La actividad científica se apoya en la racionalidad del universo en el que nos encontramos. Un universo en el que todo tiene que ver con todo, como nos recuerda Laudato si’, pero no de la misma manera, de modo que podemos centrarnos solo en algunas causas para entender algunos efectos. Esto está en la base de la racionalidad. ¿Pero por qué el universo es racional? La ciencia misma no puede dar razón de este último “porqué”, que apunta, como diría Joseph Ratzinger, a la existencia de una Inteligencia creadora. ¿Qué es la creación sino el despliegue de toda una realidad con diferentes niveles de existencia y racionalidad? ¿Qué mejor fundamento para la autonomía de la naturaleza que su creación por un Dios personal? ¿Qué mejor motivación entonces para hacer ciencia que saber que se está entrando en el misterio mismo del Amor creador, expresado en el universo creado? Se entra en el misterio de “la racionalidad del universo, en cuanto creado por la infinita sabiduría y bondad de Dios, que lo organiza como cosmos, no como caos”, y en el misterio anejo de “la posibilidad de los seres humanos de conocer el mundo, porque han sido creados por Dios a su imagen y semejanza, con la aptitud de profundizar racionalmente en la realidad”. Así desde luego entendían su labor los padres de la revolución científica, cuando aún era impensable la reducción de la ciencia a mero instrumento técnico para la producción y el dominio del mundo.

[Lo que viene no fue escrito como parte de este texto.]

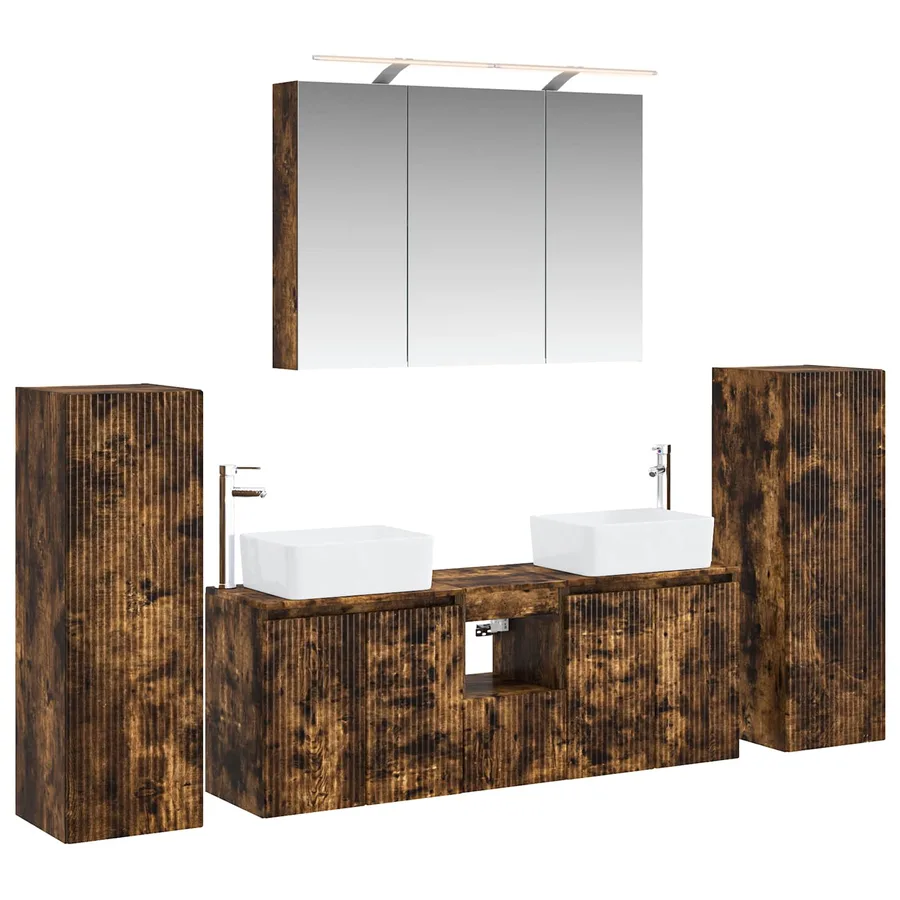 Ensemble de mobilier de salle de bain 6 pcs Chêne fumé - 2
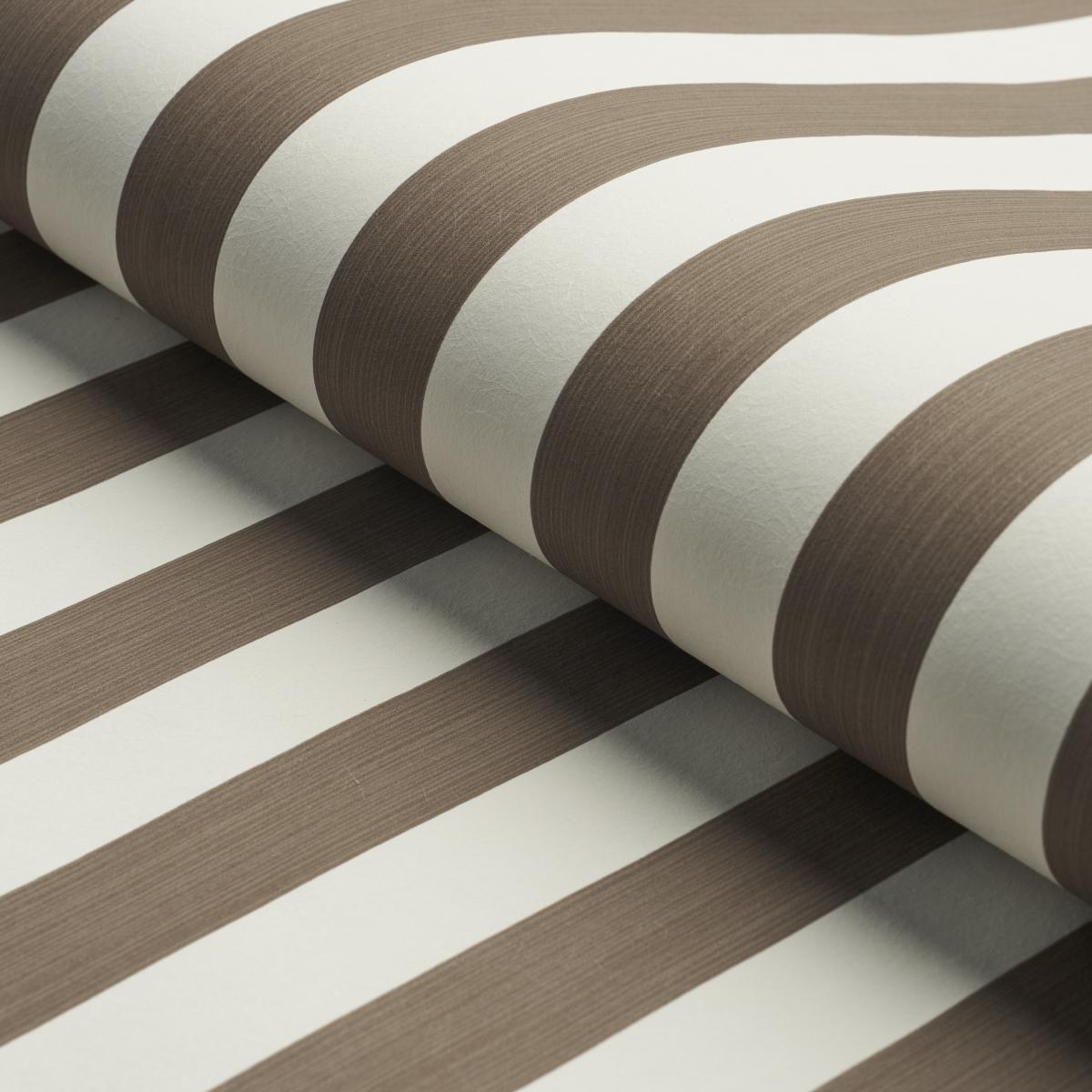 Schumacher Edwin Stripe Medium Mocha Wallpaper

Salvo que nos encontremos con solipsistas, los físicos suelen reconocer que esas preguntas tienen su razón de ser y hacen hasta cierto punto plausible una reflexión filosófica sobre ellas. Puede gustar más o menos a los filósofos, pero es cada vez más habitual escuchar a físicos profesionales, con bastantes años de madurez en el campo, hacer consideraciones que deberíamos denominar “filosóficas”. Según mi opinión, la filosofía y los filósofos deberían transformar estas supuestas “amenazas” en oportunidades. La filosofía siempre ha tenido a gala reflexionar a partir de la realidad y su conocimiento. Pues bien, la realidad que conocemos hoy resulta descrita en gran medida por el lenguaje de las ciencias, así que la filosofía debería aceptar el lenguaje de las ciencias y hacer desde ahí sus reflexiones. Que la inteligibilidad de los procesos naturales sea una suerte de “trascendental científico” debería ser un punto de convergencia para recuperar el asombro en la física con ayuda de la filosofía. Si el cientificista no está dispuesto a reconocerlo es un problema suyo, no de la ciencia.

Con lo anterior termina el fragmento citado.